While our current results enable only a first glimpse of links between focal insectivores, we believe that they point to a general pattern—the details of which can only be filled in by a wider research programme targeting the global distribution of insectivory across taxa and regions (Fig. 3). Overall, we should simultaneously quantify the abundance of different predators, their diet, and the composition of available prey. While the proposed research scheme would have been considered as utopia just 10 years ago, the tools to accomplish this task are now readily available for all the focal groups17, 22,25,43. We can already accurately analyse the diet of various predators, including bats22,23,44,45,46, birds43,47, dragonflies and damselflies17,25, spiders48,49, and a variety of herbivores50,51,52. Also, surveying the available prey (i.e. any insects in the wild; Fig. 3b) is possible and sometimes more cost-efficient using molecular tools22. There are also many good suggestions for how to quantify insect biomasses (Fig. 3b), besides merely accounting for species richness17, 53,54,55. Predator identity can be retraced from faeces using DNA microsatellites22, and even the population size and density may be estimated directly from non-invasively collected samples56. In certain circumstances, however, it is more efficient to use mark-recapture methods to calculate effective predator population sizes17. When all of these variables are combined with predator-specific consumption, we may estimate the proportion of each prey population being consumed (Fig. 3c)17. Finally, such an approach could be repeated globally in various habitats, to reach a world-wide synthesis of the net effect of insectivory (Fig. 3d). To go deeper into ecological questions, it would be advisable to add analysis of functional diversity of prey, such as prey diversity indices, to receive a better understanding of how the ecosystem works57,58,59. By achieving this, we will reach a novel insight into the ecology of insectivores, how predators are linked through shared prey, and to which extent the declining populations of both might alter these interactions. Without high-quality quantitative information, it is difficult, maybe even impossible to estimate the effect of global changes on ecosystem-level dynamics.

Conclusions

To conclude, we have proven that phylogenetically distinct insectivores may share a major proportion of their diet. Given the ecological and economical importance of insectivores globally, this topic deserves the attention of scientists throughout the world.
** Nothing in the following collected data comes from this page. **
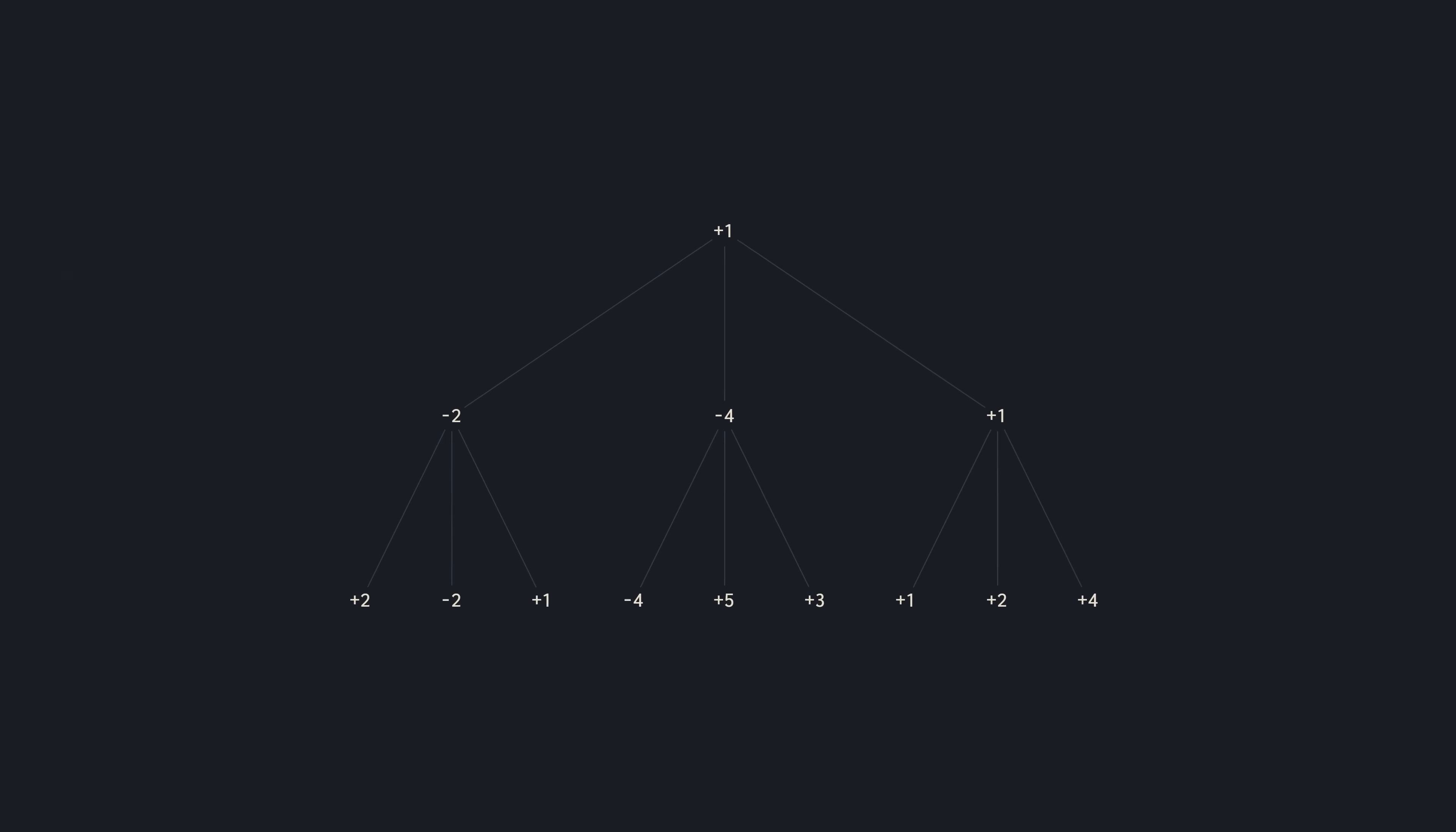If we take a closer look and rewind a little bit, just when white evaluated the first branch, then went down this path and found a minus 4, we know for sure that this node will be minus 4 or lower, since it's black choosing the moves. But since white has already found a minus 2, it will never go down this branch, and so there is no need to evaluate the remaining positions. We can prune the search tree.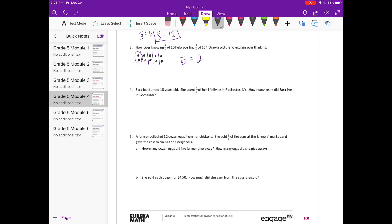So then I can just easily find 3/5 by counting that way. Or if I know that 1/5 is 2, then I could just do 2 times 3 to get 3/5. So there's many different ways to do it.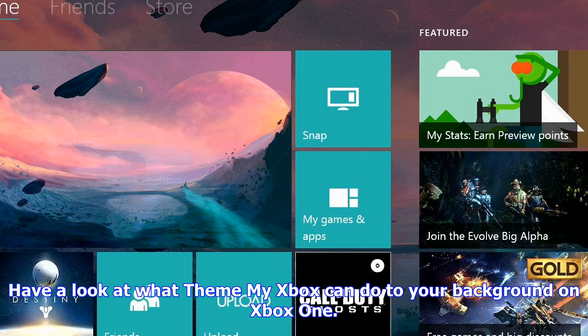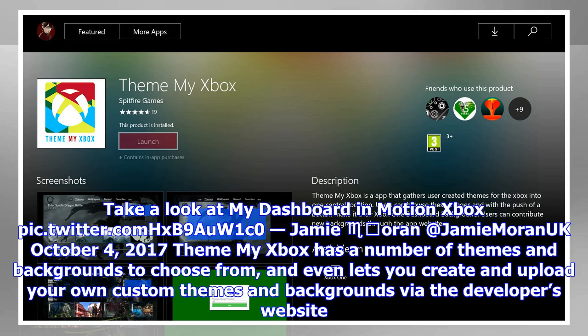ThemeMyXbox even lets you create and upload your own custom themes and backgrounds via the developer's website. In addition to the dynamic background functionality, the most recent update to ThemeMyXbox added new icons, a new UI, and the ability to save your favorites.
To aid in this quest, we have planned a roadmap for researchers of various subjects. In our ideal scenario, the study organisms are not even captured or encountered, but instead, a set of traces (faeces, hair, etc.) are examined and used for detailed analysis. It is now time to put these modern methods to test through a simultaneous dissection of interactions among arthropod prey and multiple predator guilds across the world (Fig. 1). By following the roadmap outlined above (Fig. 3), we will reach a novel insight into the ecology of insectivores, how predators are intertwined through shared prey, and to which extent the declining populations of both the predators and the prey might alter these interactions. Without high-quality quantitative information, it is difficult, and maybe impossible, to estimate the consequences of the current insect decline on the ecosystem worldwide.